# Portage Lakes



## Aang (May 26, 2012)

I've been entertaining the idea of trying out Portage Lakes. My dad and I have always avoided it because it seems like a crazy spot between the high horsepower allowed and interesting stories we've heard. Is it really that bad? It also seems like the fishing could be hit or miss depending on the species and depending on the lake. I'd be happy with just a good shore spot for bluegill if possible.


----------



## Bassbully 52 (Feb 25, 2014)

High Hp? It’s nowake excelt for two speed zones. Which are no issue. I have been fishing there Since the late 60s. Besides it getting crowded on weekends in summers it’s great fishing. The gill get started good late May when they spawn and there are some big gills in there.


----------



## FlyFishRich (Feb 3, 2016)

My father and me started fishing Portage back in 1984 and we would launch out of the old state park and do pretty good catching gills by just using crawlers and bobbers throwing by docks. My dad couldn't back a trailer to save his life so at 13 he let me give it a try and after my 1st try I was handed the job of putting the old 14ft lone star in the water. Man I miss those days fishing with my dad....


----------



## FlyFishRich (Feb 3, 2016)

Also good catfishing across from Amanda's boat shop.....Rich


----------



## sylvan21 (Jul 9, 2010)

The wife and I took the boat there two July's ago on a Tuesday for the first time. Always something to see on the shoreline. A lot of good areas for bass. I even got a few that day. The no wake was different. The speed zone was a welcome. For the amount of boats docked I'd say it could get really busy. Very few boats out that day. Planning on going back this summer. Drove thru there Sunday, a lot of improvements the state has going on.


----------



## berkshirepresident (Jul 24, 2013)

It sucks. Stay away. All the fish are in Erie...on the Canadian side.


----------



## crappieboo420 (May 16, 2013)

The main lakes has the biggest redears in ohio.not to often you Can catch 12 plus redears.


----------



## FlyFishRich (Feb 3, 2016)

Just remembered did pretty good using a black 1/8 ounce spinner bait catching bass leaving the old state park going into the open HP then going to the left and casting to the shore and reel back in......


----------



## bdawg (Apr 14, 2009)

The portage lakes are great for panfishing. No wake zone for most of the lakes except 2 areas. These areas can only be used for speeding during the middle of the day. If you fish early or late, no problems! Lots of different shoreline structure to cast to. Redeared sunfish are huge in these lakes. Most of the time, you can enjoy peace and quiet out there. If you're shore fishing, try the state park where the beach is. Fish the peninsula next to the beach or walk around into the bay near the dog park. Plenty of choices out there. 

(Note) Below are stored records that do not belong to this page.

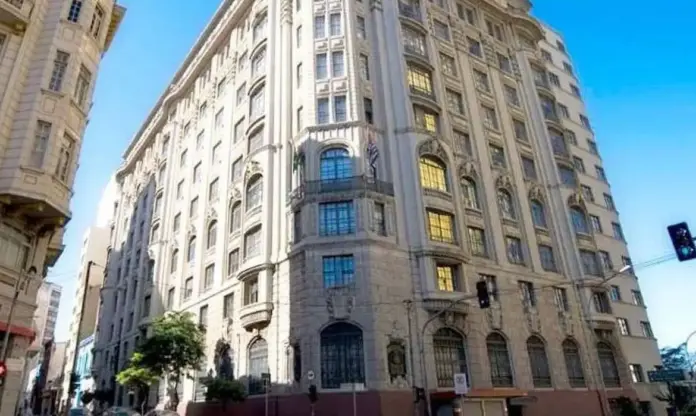 fachada de um prédio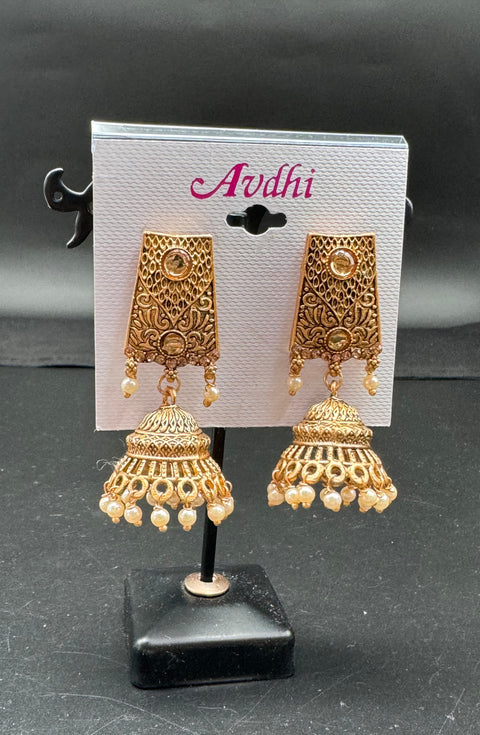 Mat look golden stone with pearls hanging Jhumka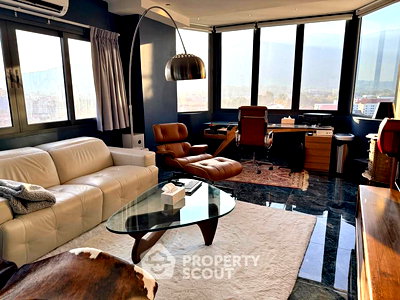 Condos for sale Maya Chiang Mai : 2-BR Condo at Thaweephol Tower in Chang Phueak (ID 2462524)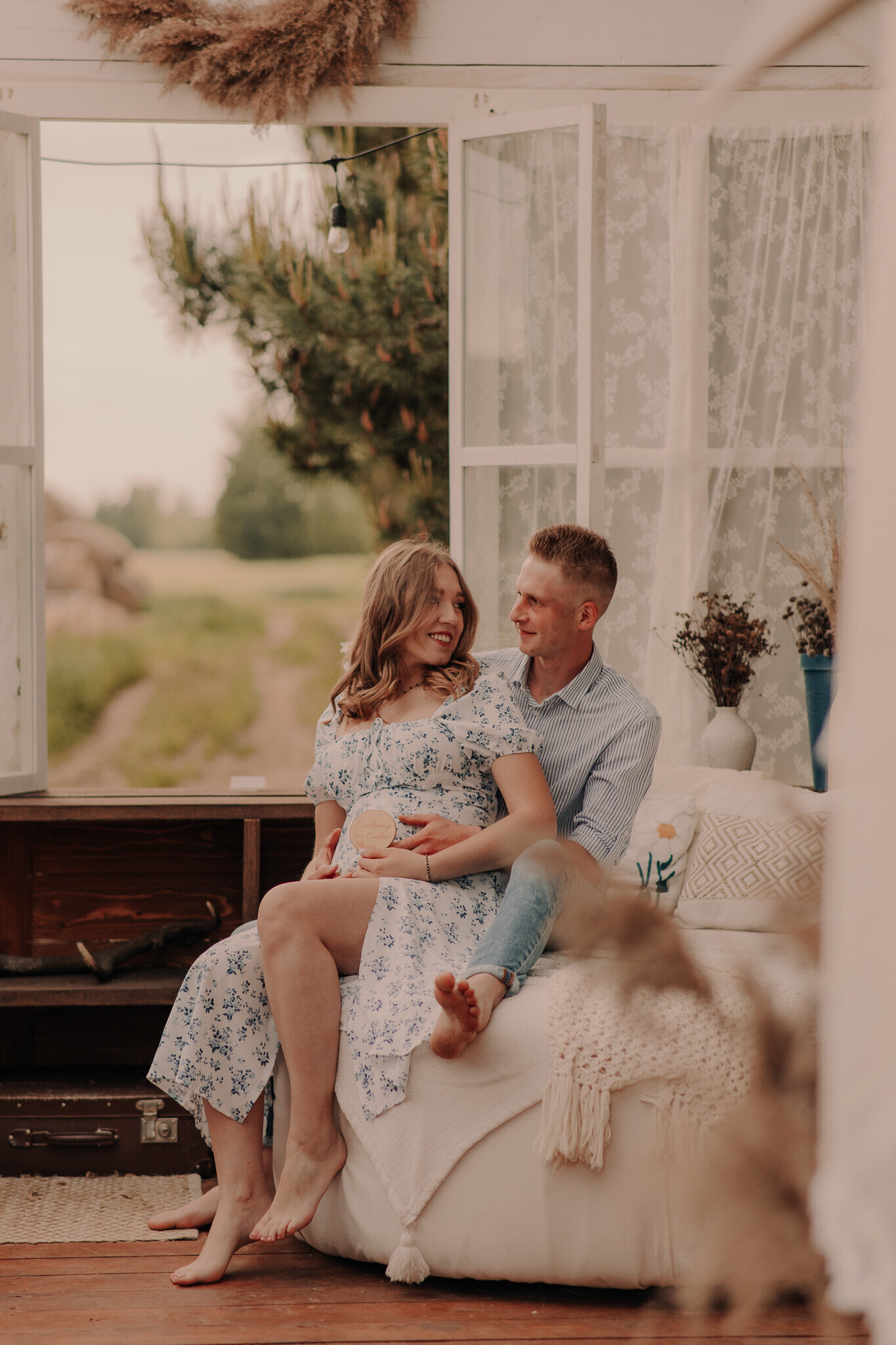 ciazowa-sesja-szklane-studio-sieradz.jpg Ciążowa sesja w szklarni Sieradz – kobiece ujęcia w szklanym studio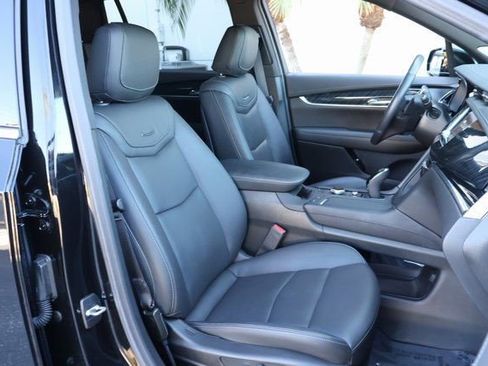 Certified 2024 Cadillac XT6 Premium Luxury FWD image 23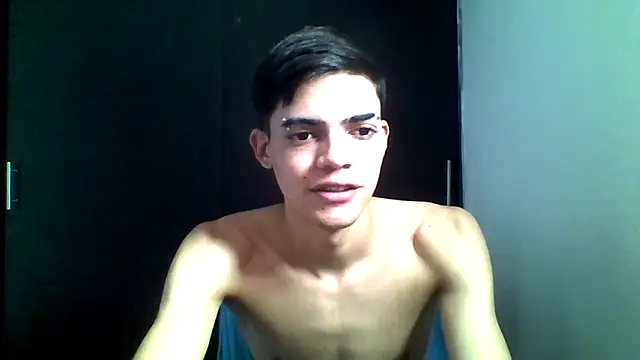 Latinos 2001 online show from 19, 5, 2026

Only problem I have is trying to launch on a saturday morning to get to my crappie fishing hole when there's a bass tournament starting! I don't fish for bass there because they are so highly pressured.


----------



## brad crappie (Sep 29, 2015)

That is high pressured lake period on fishing! The state might have to adjust the 9in size limit on craps lots of fish that are 8.25 to 8 3/4 in!


----------



## bdawg (Apr 14, 2009)

brad crappie said:


> That is high pressured lake period on fishing! The state might have to adjust the 9in size limit on craps lots of fish that are 8.25 to 8 3/4 in!


Not sure which lake you're fishing, but on the main lake chain at turkeyfoot, most of the crappie I've caught were over 9". Even had 1 day 2 years ago where my average fish was over 11"! Caught over 20 that night.


----------



## brad crappie (Sep 29, 2015)

I fish in the northeast crappie club one last years event had around 9lbs on 8 fish but only had like 15 keepers out over 50! With a partner! The club caught a lot of fish 80 % non keepers! The year before was better overall but still at least 70 % non keepers! Look the the club up with totals! Hey we’re not pros but I fish that lake with lot of other friends! When the lake had saugeye it was better! The ole boys would a agree!!


----------



## bdawg (Apr 14, 2009)

Well, maybe the lake is starting on a downturn in crappie sizes. Or maybe, I just have a spot where the big ones come in to spawn in the spring. Always get a few 12-13" in that spot. I'm sure I don't get out there to fish for them as much as you.


----------



## brad crappie (Sep 29, 2015)

Not saying there is not good size fish just lots under the 9in.


----------



## johnboy111711 (Apr 7, 2004)

bdawg said:


> Well, maybe the lake is starting on a downturn in crappie sizes. Or maybe, I just have a spot where the big ones come in to spawn in the spring. Always get a few 12-13" in that spot. I'm sure I don't get out there to fish for them as much as you.


I have a spot about the same. I have caught them up to 17in from it.



brad crappie said:


> Not saying there is not good size fish just lots under the 9in.


so true brad, so true


----------



## brad crappie (Sep 29, 2015)

johnboy111711 said:


> I have a spot about the same. I have caught them up to 17in from it.
> 
> 
> so true brad, so true


Heard of another 17in white crap bass fishing he caught in a tourney


----------



## Wow (May 17, 2010)

If you go early morning and just b4 dark, or b4 and after ski season, when temps will discourage swimmers, you will have nice structure and habitat for gill, crappie and bass. In summer, your good 'til 10am or after 8:30 pm., The fishery is worth your attention.--Tim


----------